SSH Settings overwritten on every system update
Every macOS update brings the incredibly weak default SSH settings onto my mac mini, which allow connections from anyone with only a user account's password.
We had been using my computer remotely as a development server from our other devices, and one day we noticed we could connect to it without proper keys. The settings file for OpenSSH (which can be found in /etc/ssh/sshd_config), open-source software that Apple clearly endorses as it comes preinstalled within macOS, had been reset to its default. Initially, I found that really weird and concerning, thought someone had planted the file back somehow. I changed it anew and it stayed that way for a few days, and I eventually noticed the pattern that after any system update the file was reset.

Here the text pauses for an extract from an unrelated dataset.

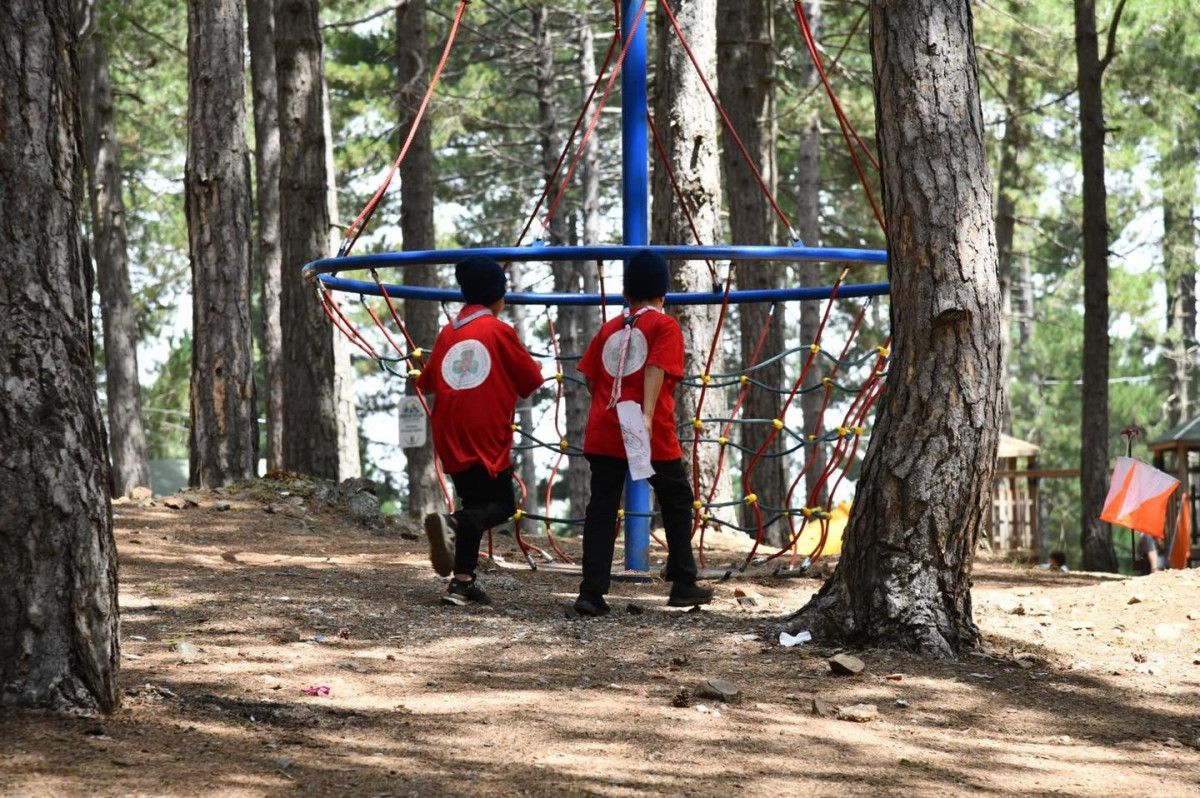 Osmaniye’de Çocuk Şenliğinde Oryantiring Heyecanı ve Eğlence Dolu Anlar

This has already been talked about on other threads:
https://discussions.apple.com/thread/7930677
Hence I come to raise awareness once again that this has been happening for at least 10 years and still is. Yes, I have already filed a bug report on Feedback Assistant and the bug reporter.
In case I am Holding it Wrong™ and there's a free mac-specific way of setting up the sshd_config file, please do let me know – my searches did not turn up anything. In fact, they lead me to this usual way of configuring sshd_config like on every other OS, which has shown to be a hazard on macOS.
Otherwise, just take a second to appreciate that the default behaviour of a machine from a company that prides itself so much for the hassle-free, built-in security it provides to its users is to override a file whose purpose is to guard FULL access to the machine, as if overwriting configuration files that people would care to learn about and handpick settings for would not already be annoying enough.